Micor Industries of Decatur expects to add 40 employees with a $3.1 million expansion, according to president and founder Mike Heath.

The State Docks Road contract manufacturer and machining company, which added 15 employees last year, employs 62. The additional employees will add $1.25 million to the company payroll, officials said.

“This year looks like a growth year for us, especially large components in the energy sector,” Heath said. “The equipment is very, very expensive, and square footage becomes more of an issue because the components are much bigger.”

Heath said the company, which previously focused on defense systems, is expanding into the energy sector, including sub-sea oil-drilling equipment, offshore rig parts and nuclear-plant components.

Customers served by the expanded facility would include original equipment manufacturers in the energy sector, such as Exxon.
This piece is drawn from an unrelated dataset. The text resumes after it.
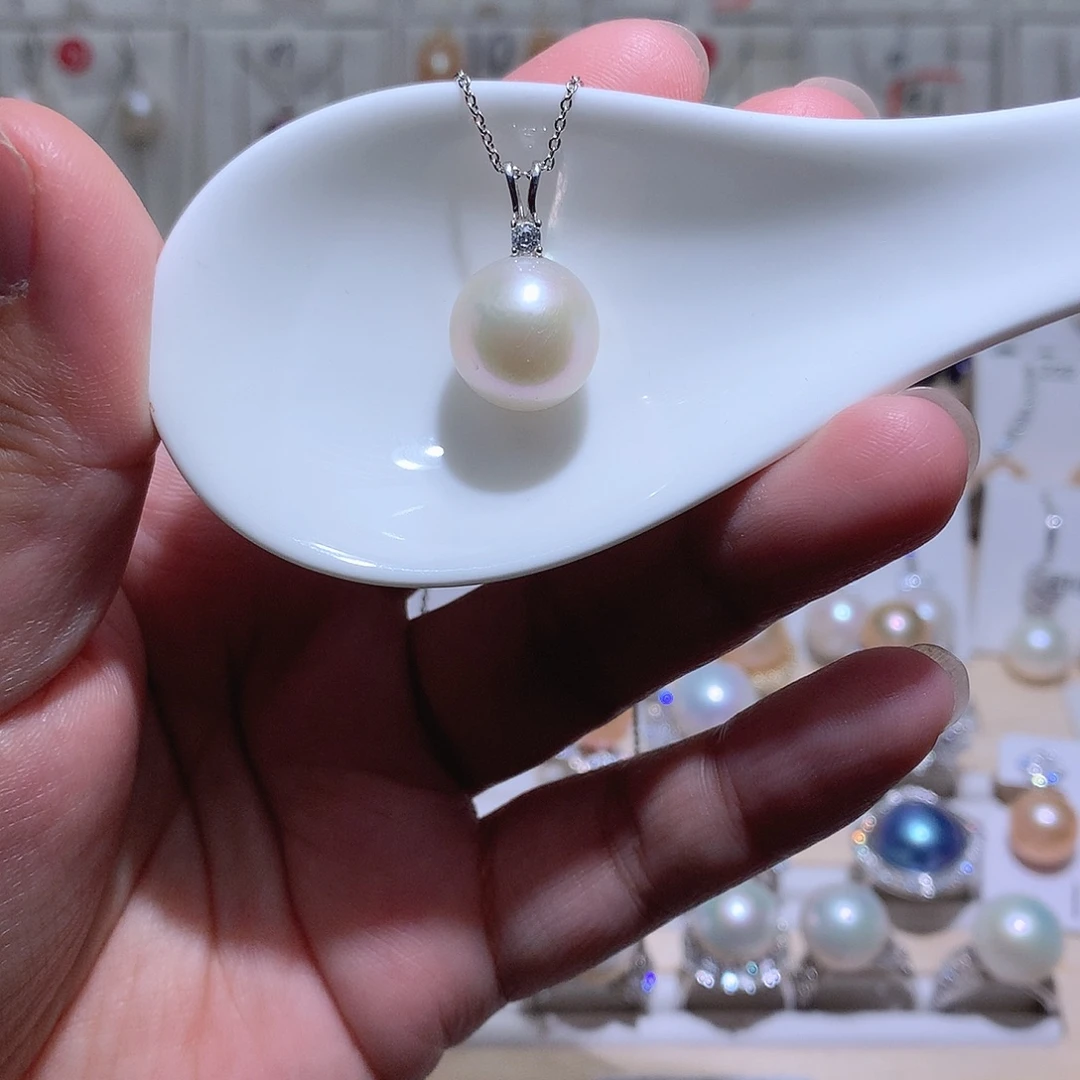 吊坠(赠链)淡水珍珠银S925镶嵌CC13.2mm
He said the expansion will add about 30,000 square feet to Micor’s footprint.

Heath started Micor as a small machine company in 2000, incorporating in 2004. By 2008 — when the Alabama Technology Network and the Business Council of Alabama named it the emerging manufacturer of the year — it had 50 employees, annual sales over $7 million and seven five-year contracts with the Department of Defense.

In 2010, Alliant Techsystems selected Micor to provide parts and assemblies for 40 mm MK-19 machine guns in a contract that runs through this year. Under the contract, Micor manufactured 137 individual parts and assemblies on a monthly basis.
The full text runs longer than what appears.